Q: Is legitimate protest possible in this climate?

A: Legitimate, nonviolent protest is absolutely necessary. If we, in the civil-rights movement, do not create the constructive, nonviolent, forums and strategies for people to legitimately vent their justified anger, then people will engage in self-destructive, violent alternatives . . . . Legitimate protest can help instill a modicum of calm. Protest is therapeutic. Marching and demonstrating, people are venting their anger. . . . People in L.A., particularly African-Americans who live in the inner city, who have lived in Watts since 1965, have a lot to be angry about. What happened to Rodney King was not an isolated incident . . . . We’re thankful that we have a new person, Chief Willie Williams, over the police department and hopefully things will change. He’s tried, since he’s been in office, to initiate some policies to bring about change.
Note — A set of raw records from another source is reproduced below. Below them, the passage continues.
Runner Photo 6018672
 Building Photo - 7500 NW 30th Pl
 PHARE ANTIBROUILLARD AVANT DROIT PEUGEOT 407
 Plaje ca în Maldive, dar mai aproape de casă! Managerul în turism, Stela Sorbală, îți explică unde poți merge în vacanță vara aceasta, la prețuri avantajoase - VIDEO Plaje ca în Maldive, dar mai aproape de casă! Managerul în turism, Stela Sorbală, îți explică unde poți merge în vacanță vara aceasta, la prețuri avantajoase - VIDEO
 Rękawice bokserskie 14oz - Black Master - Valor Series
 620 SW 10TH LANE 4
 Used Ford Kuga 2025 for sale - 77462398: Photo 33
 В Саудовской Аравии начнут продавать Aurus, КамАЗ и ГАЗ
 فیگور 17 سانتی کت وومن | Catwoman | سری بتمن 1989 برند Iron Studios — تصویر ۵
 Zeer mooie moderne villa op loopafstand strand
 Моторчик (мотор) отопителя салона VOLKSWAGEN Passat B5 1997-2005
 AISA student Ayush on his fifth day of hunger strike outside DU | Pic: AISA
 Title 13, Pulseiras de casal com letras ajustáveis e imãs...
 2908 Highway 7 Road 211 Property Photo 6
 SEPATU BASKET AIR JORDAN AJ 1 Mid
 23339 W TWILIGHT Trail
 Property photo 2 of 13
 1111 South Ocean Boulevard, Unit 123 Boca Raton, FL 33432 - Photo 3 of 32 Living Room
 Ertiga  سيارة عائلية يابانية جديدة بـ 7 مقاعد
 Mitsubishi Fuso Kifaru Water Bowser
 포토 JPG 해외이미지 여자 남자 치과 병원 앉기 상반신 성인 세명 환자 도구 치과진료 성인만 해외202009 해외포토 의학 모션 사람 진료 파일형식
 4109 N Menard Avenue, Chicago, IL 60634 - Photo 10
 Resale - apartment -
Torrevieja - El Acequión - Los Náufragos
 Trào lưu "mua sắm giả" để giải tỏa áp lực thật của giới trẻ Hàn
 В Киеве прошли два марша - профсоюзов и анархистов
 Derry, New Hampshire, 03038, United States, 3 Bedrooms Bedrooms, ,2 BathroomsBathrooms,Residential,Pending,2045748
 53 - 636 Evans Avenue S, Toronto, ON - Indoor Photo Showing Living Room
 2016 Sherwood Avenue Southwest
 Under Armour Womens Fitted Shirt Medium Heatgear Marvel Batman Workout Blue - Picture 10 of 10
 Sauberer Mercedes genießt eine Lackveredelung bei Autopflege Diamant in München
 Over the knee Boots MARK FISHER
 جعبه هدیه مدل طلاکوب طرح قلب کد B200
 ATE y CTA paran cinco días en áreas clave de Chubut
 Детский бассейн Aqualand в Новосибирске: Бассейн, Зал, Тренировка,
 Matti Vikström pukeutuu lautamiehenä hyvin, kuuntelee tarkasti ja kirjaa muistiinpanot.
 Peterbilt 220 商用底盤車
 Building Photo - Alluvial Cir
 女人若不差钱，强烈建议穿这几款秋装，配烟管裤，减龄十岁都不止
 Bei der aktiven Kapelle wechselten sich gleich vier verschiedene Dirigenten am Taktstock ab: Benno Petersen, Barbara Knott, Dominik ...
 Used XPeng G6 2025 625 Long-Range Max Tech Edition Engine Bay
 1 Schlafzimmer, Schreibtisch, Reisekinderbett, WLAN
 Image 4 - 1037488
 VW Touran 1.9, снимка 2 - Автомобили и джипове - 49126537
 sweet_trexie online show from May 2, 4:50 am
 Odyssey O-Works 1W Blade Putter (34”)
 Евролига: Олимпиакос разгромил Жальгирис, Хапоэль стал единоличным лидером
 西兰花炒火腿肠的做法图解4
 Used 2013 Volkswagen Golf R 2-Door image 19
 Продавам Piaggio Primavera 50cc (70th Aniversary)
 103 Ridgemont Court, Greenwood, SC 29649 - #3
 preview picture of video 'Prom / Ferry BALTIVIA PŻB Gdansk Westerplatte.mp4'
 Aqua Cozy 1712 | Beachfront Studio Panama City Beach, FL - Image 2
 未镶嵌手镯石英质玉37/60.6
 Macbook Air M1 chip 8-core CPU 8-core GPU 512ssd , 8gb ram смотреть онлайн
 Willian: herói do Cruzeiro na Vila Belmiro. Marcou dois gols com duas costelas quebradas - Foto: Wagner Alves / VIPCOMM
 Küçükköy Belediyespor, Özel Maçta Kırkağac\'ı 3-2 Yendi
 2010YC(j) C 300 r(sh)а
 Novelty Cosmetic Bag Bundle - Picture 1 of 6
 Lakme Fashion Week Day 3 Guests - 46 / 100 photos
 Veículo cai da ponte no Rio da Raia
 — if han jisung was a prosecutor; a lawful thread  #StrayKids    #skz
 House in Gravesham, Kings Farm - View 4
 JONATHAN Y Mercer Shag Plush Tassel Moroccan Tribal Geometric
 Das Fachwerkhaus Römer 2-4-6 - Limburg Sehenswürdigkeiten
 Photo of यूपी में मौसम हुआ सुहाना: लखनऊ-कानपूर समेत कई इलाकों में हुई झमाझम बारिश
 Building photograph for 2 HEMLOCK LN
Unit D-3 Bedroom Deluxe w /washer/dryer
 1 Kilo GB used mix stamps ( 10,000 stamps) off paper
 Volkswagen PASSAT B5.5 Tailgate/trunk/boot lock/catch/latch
I support those changes, although I understand he’s concerned about my raising questions about whether or not the police department’s actions are provocative or not. That’s my role as executive director of the NAACP. I have to call it like I see it. I have to call it like I hear it from the people’s perspective.

I don’t want either side of this equation to overreact. We don’t want the community to overreact, but somebody needs to say we don’t want law enforcement to overreact. If either side overreacts, then this pot that’s on the stove is going to explode.